-- Source material --
****

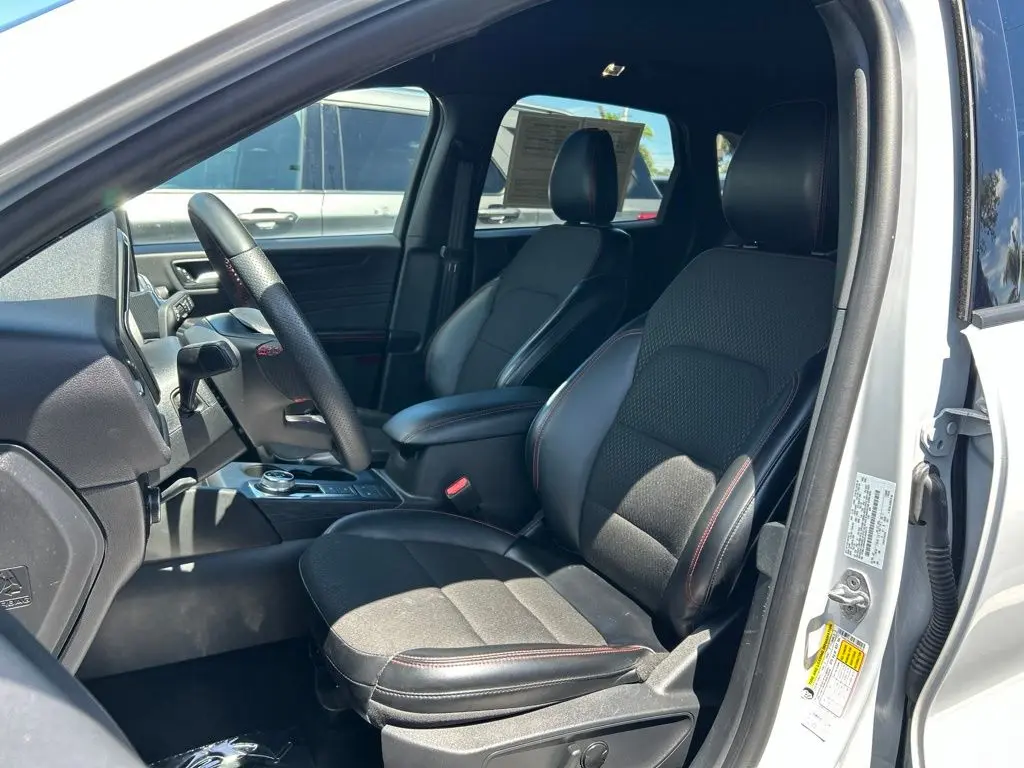 2025 Ford Escape - $19,497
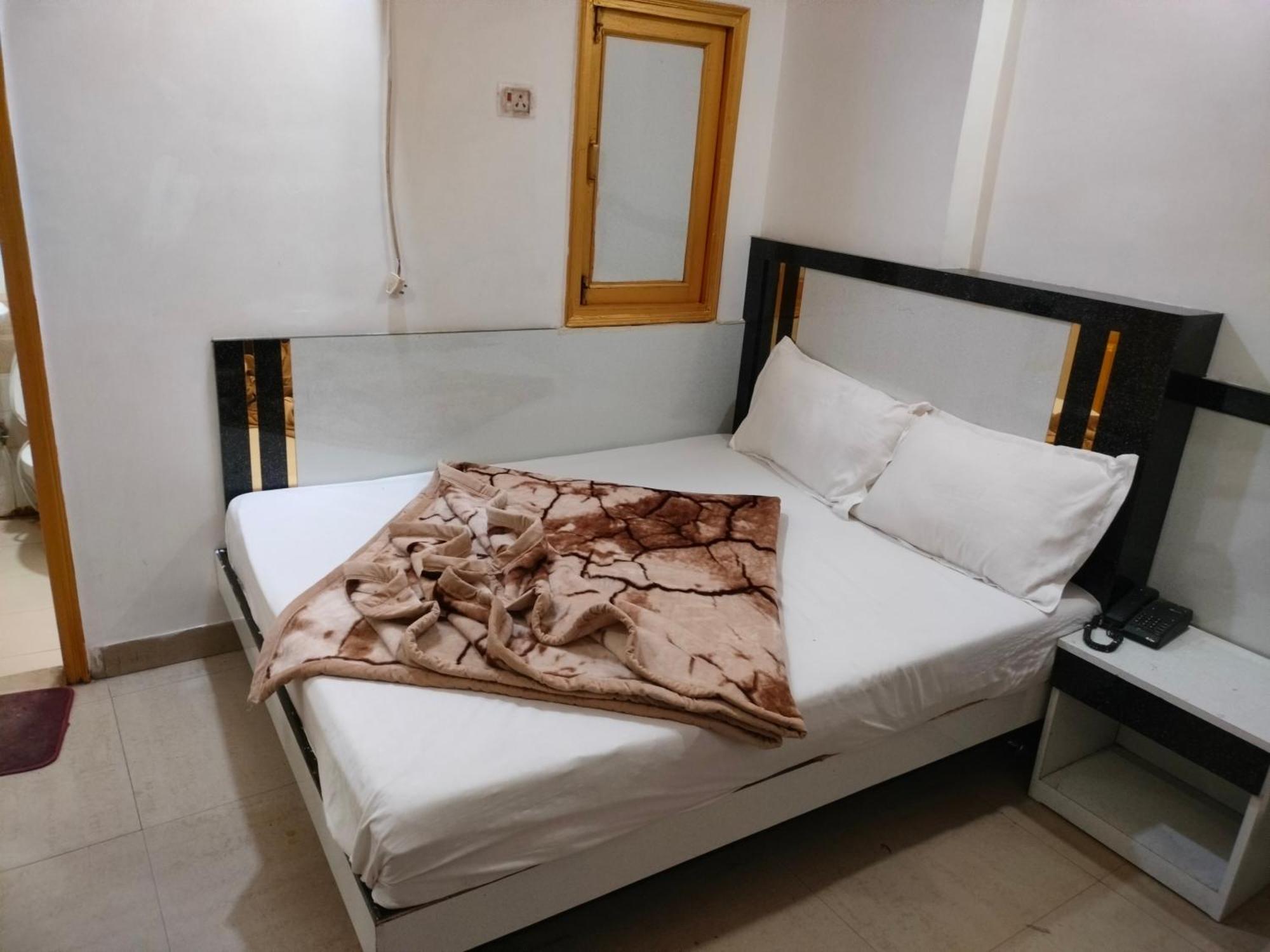 Hotel Geetanjali Inn Nowe Delhi Zewnętrze zdjęcie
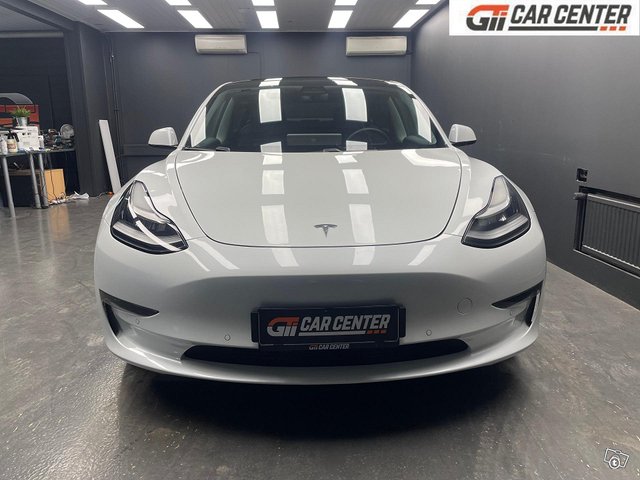 Tesla Model 3 2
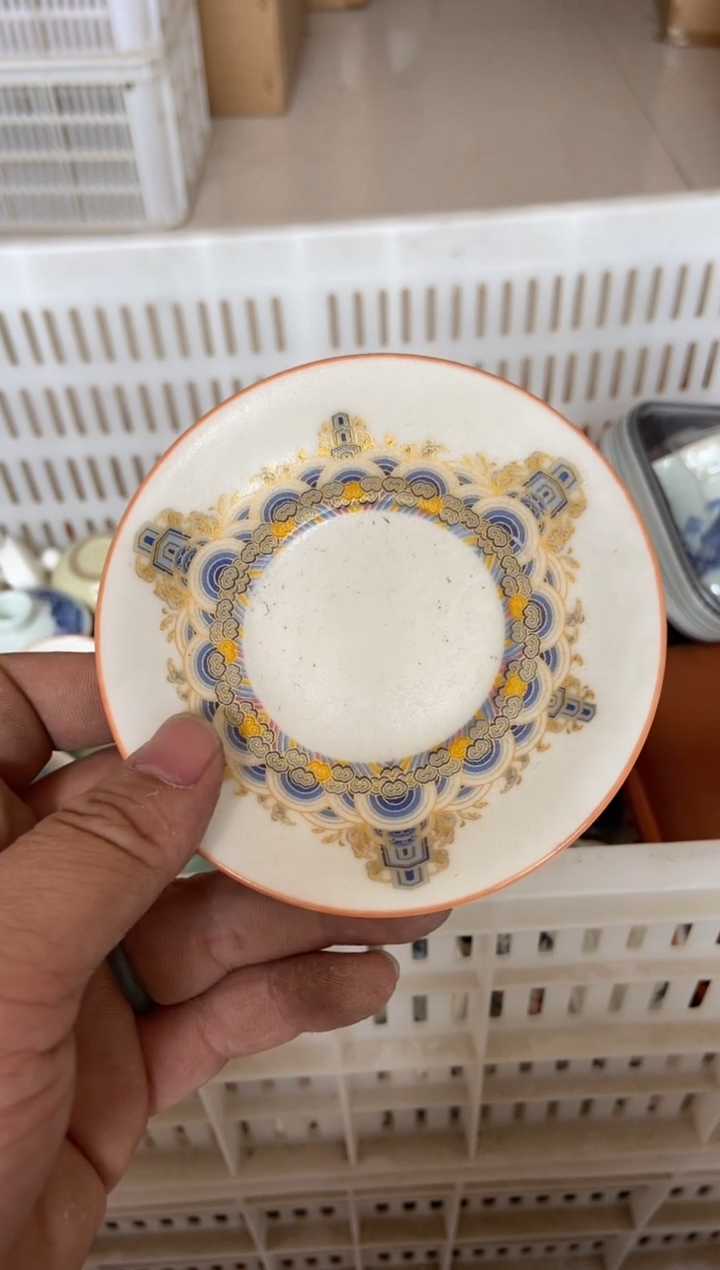 无运费险有瑕疵的摄影的产品有使用过的痕迹有点脏介意勿拍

****

The listing must be returned in full and exactly, apart from its pictures.

-- Answer to this task --
 2025 Ford Escape - $19,497
 Hotel Geetanjali Inn Nowe Delhi Zewnętrze zdjęcie
 Tesla Model 3 2
 无运费险有瑕疵的摄影的产品有使用过的痕迹有点脏介意勿拍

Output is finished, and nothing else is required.